Author: maxepolk@my-dejanews.com
Date: 1999/01/26
Raw View
In article <78ijij$5vg$1@nnrp1.dejanews.com>,
AllanW@my-dejanews.com says...
>
> In article <789chn$chf$1@east44.supernews.com>,
>   "Cipolli" <stephen.cipolli@fcc.net> wrote:
> > Is the following code considered legal (I could to find
> > anything in the C++ Standard which makes it illegal):
> > string s;
> > void thread0() { s[0] = s[1]; }
> > void thread1() { string t = s; }

Note that as soon as you get a reference to a character in a
string, the string must immediately make a separate copy of
itself if it is shared between two references because that
reference to a character can be used to change the string at
some later point.  Also, the string must immediately mark
itself as ineligible for being shared for the same reason.

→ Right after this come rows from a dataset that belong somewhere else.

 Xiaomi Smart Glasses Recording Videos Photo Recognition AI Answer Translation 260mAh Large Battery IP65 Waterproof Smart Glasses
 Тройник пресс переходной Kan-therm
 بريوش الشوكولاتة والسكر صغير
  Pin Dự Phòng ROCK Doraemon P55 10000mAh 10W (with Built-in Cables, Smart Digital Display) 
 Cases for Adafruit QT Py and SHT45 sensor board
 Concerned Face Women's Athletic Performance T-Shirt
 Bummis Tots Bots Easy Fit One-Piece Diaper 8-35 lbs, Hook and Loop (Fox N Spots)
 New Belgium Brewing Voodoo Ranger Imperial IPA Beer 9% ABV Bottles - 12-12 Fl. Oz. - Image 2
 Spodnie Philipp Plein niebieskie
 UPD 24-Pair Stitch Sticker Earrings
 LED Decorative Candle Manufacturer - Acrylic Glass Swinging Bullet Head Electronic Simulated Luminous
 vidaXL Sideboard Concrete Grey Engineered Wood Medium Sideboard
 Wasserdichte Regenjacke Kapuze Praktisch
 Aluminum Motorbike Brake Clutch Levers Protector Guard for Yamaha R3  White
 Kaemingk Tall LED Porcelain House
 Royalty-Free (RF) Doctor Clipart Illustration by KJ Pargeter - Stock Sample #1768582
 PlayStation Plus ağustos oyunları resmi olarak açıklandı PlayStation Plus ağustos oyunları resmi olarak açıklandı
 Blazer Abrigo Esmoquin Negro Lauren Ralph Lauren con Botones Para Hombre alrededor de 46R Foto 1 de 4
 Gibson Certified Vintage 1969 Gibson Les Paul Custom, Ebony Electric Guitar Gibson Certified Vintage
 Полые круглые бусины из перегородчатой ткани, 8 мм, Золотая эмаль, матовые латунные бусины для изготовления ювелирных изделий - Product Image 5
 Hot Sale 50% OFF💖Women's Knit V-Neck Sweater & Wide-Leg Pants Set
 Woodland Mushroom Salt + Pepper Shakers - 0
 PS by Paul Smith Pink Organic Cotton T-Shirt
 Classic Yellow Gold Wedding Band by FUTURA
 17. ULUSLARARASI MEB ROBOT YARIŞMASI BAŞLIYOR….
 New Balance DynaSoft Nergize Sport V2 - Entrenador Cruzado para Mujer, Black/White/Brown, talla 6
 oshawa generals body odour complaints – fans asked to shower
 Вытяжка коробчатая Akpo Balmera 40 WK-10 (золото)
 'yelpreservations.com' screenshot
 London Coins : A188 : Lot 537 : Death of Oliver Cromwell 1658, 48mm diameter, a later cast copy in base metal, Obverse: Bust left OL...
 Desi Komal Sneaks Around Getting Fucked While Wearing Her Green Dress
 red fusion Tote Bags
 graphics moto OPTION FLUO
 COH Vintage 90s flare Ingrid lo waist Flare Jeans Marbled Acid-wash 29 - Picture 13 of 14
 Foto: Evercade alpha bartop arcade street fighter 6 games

Once the string itself changes, that reference cannot be valid
any longer because the string can reposition itself in memory,
leaving the reference to a character pointing to no-man's land.

-----------== Posted via Deja News, The Discussion Network ==----------
http://www.dejanews.com/       Search, Read, Discuss, or Start Your Own


[ comp.std.c++ is moderated.  To submit articles, try just posting with ]
[ your news-reader.  If that fails, use mailto:std-c++@ncar.ucar.edu    ]
[              --- Please see the FAQ before posting. ---               ]
[ FAQ: http://reality.sgi.com/austern_mti/std-c++/faq.html              ]






Author: "Cipolli" <stephen.cipolli@fcc.net>
Date: 1999/01/26
Raw View
AllanW@my-dejanews.com wrote in message <78ijij$5vg$1@nnrp1.dejanews.com>...
>
>In article <789chn$chf$1@east44.supernews.com>,
>  "Cipolli" <stephen.cipolli@fcc.net> wrote:

<snip>

>From 21.3: (Emphasis mine)
>
>   5 References, pointers, and iterators referring to the elements of
>     a basic_string sequence may be invalidated by the following uses
>     of that basic_string object:
>
>     ...
>
>     -- Calling non-const member functions, EXCEPT operator [](),
>        at(), begin(), rbegin(), end(), and rend().
>
>Because of the word EXCEPT here, this actually says that [], at, and
>so on do NOT invalidate iterators.
I believe in a typical COW implentation, these functions copy their buffers
and make them non-shareable.  Subsequent calls to these function will then
not have to copy themselves and the string buffers will stay valid.
>
>     -- Subsequent to any of the above uses except the forms of
>        insert() and erase() which return iterators, the first call
>        to non-const member functions operator[](), at(), begin(),
>        rbegin(), end(), rend().
>
>I interpret "Subsequent to any of the above uses" to mean "After one
>of these uses which we already said may invalidate pointers/iterators."
>So what this seems to mean is that after we invalidate iterators any
>other way (except for insert() and erase()), the next time we use
>[], at, and so on we invalidate them AGAIN. Which seems pointless.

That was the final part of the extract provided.